Iwami Y, Schachtele C F, Yamada T
Department of Oral Biochemistry, Tohoku University School of Dentistry, Sendai, Japan.
J Dent Res. 1995 Sep;74(9):1613-7. doi: 10.1177/00220345950740091801.
We studied the mechanism by which the antimicrobial compound sucrose monolaurate inhibits Streptococcus mutans NCTC 10449 by determining its effect on the rate of acid production from glucose and sucrose and the intracellular and extracellular levels of glycolytic intermediates. Sucrose monolaurate was more effective than either sodium laurate or sodium fluoride in inhibiting acid production at pH 7.0 from glucose. Inhibition of acid production was the same when either glucose or sucrose was the carbon source and in the presence or absence of oxygen.

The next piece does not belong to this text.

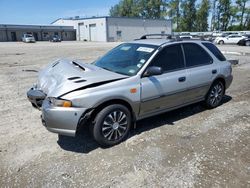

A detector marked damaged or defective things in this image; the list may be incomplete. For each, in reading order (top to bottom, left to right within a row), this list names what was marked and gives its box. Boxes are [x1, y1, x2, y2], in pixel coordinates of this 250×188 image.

Quantitative analysis of various glycolytic intermediates revealed that the steps inhibited by sucrose monolaurate were the reactions catalyzed by phosphofructokinase and glyceraldehyde 3-phosphate dehydrogenase and/or phosphoglycerate kinase. Since the activities of these enzymes in cell-free extracts were not decreased by the addition of sucrose monolaurate, the inhibition of acid production could not be ascribed to direct effects on the enzymes. A decrease in the rate of acid production with corresponding elevations in the extracellular levels of glycolytic intermediates indicates that sucrose monolaurate inhibits S. mutans by altering the permeability of the cell membrane, which causes a loss of important metabolites.
我们通过测定抗菌化合物月桂酸蔗糖酯对葡萄糖和蔗糖产酸速率以及糖酵解中间产物细胞内和细胞外水平的影响,研究了月桂酸蔗糖酯抑制变形链球菌NCTC 10449的机制。在pH 7.0条件下,月桂酸蔗糖酯在抑制葡萄糖产酸方面比月桂酸钠或氟化钠更有效。当葡萄糖或蔗糖作为碳源时,以及在有氧或无氧条件下,产酸抑制情况相同。对各种糖酵解中间产物的定量分析表明,月桂酸蔗糖酯抑制的步骤是由磷酸果糖激酶、3-磷酸甘油醛脱氢酶和/或磷酸甘油酸激酶催化的反应。由于在无细胞提取物中添加月桂酸蔗糖酯不会降低这些酶的活性,因此产酸抑制不能归因于对酶的直接作用。产酸速率降低,同时糖酵解中间产物细胞外水平相应升高,这表明月桂酸蔗糖酯通过改变细胞膜通透性来抑制变形链球菌,从而导致重要代谢产物的流失。